That kind of understanding is revealed in any large-scale, finished, working product.
>The way it was meant to be brought back around to the nurse's situation was that, she actually was really good at what she was doing for her level of experience and progression through schooling, despite knowing that she had a long way left to go. As to what observable shortcomings other students had compared to her, I cannot say.
Then I don't understand how this was supposed to reassure her; if I offered an explanation, I would test its implications against the rest of the scenario: is there a way overconfidence manifests in the typical student? Is she returning the (correct answer) "I'd have to ask someone" more often than the other students? As it stands, you've just listed something that might be consistent.
Remember, the problem is not that "she was good for her level of experience"; the problem was that "she was called the best student they'd ever had".
(I note with some irony that, for you claim to know general competence levels just after college is itself seemingly outside your knowns!)
> I have to disagree: however humble they might be, someone on the projects I mentioned has to have a deep enough understanding to know how to handle the cornucopia of problems that can derail it
I agree with what you said, which is why I have a hard time understanding what exactly you disagree with. Are you saying that more experienced people tend to be less aware of their shortcomings? Or maybe we're taking humble to mean two different things? I'm using "humble" in the "not arrogant" sense, not the "feeling inferior" sense.
I think you can be confident in your abilities while still being humble about them, and that's really what I meant by it when referring to the more experienced peer group. In fact, the most experienced people usually have an innate sense of confidence that allows them to avoid having to constantly tell people "I know what I'm doing". They don't have to tell people, because they can show it. That's the level of humbleness (or modesty may be a better word) that I was referring to.

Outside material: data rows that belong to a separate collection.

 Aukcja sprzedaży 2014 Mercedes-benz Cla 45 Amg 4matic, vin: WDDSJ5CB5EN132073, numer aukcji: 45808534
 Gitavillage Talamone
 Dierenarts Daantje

> Then I don't understand how this was supposed to reassure her; if I offered an explanation, I would test its implications against the rest of the scenario:
That is generally the next step. You make observations, develop theories to explain the observations in a consistent manner, and then devise new tests to test those theories. This post was simply at the "developing a theory" step.
> (I note with some irony that, for you claim to know general competence levels just after college is itself seemingly outside your knowns!)

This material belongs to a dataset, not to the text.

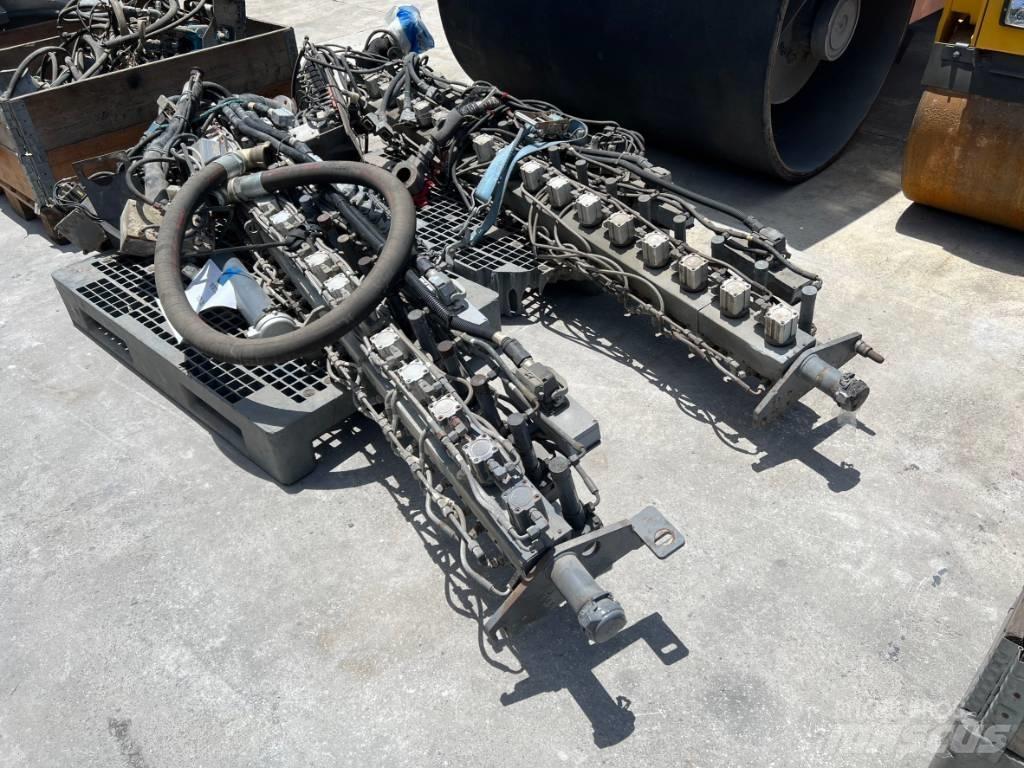 Wirtgen WR2500S Recyklátory asfaltu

The irony is not lost on me. To be fair though, I didn't and still don't claim to "know" general competence levels, I just blogged my thoughts. Of course I could have littered my post with all sorts of qualifiers like "maybe", "perhaps", "sometimes", and "I think", but that doesn't make for effective writing. The post was not written or meant to be read in a vacuum. Context is important.
Have you ever received praise, or even an award, for being great at something despite having no clue what you’re doing?
No. I have to know years worth of mountains worth of knowledge and skills to get even the slightest nod from anybody. Most software people don't give away praise for free.
Do you feel like a fraud...?
No. I'm a good programmer, my job is to program things, and my employers seem to have agreed. Like many people here, I've made lots of shit that works, and made lots of customers happy.
Shit you don't know you don't know only matters when it matters. And when it starts to matter, it moves into the shit you know you don't know category, and hopefully with some effort into the shit you know category.
A single human being can't know much, so out of necessity we act like a cache. We also tend to work in teams. I frequently encounter problems I can't solve, that a 3-minute back-and-forth discussion with the two nearest coworkers does solve.
I think when talking about confidence or success these categories of knowledge don't account for the whole picture.
Knowledge isn't the only thing required to be successful at something, it doesn't account for skills. When I say skills I mean something that requires training over time to be able to do.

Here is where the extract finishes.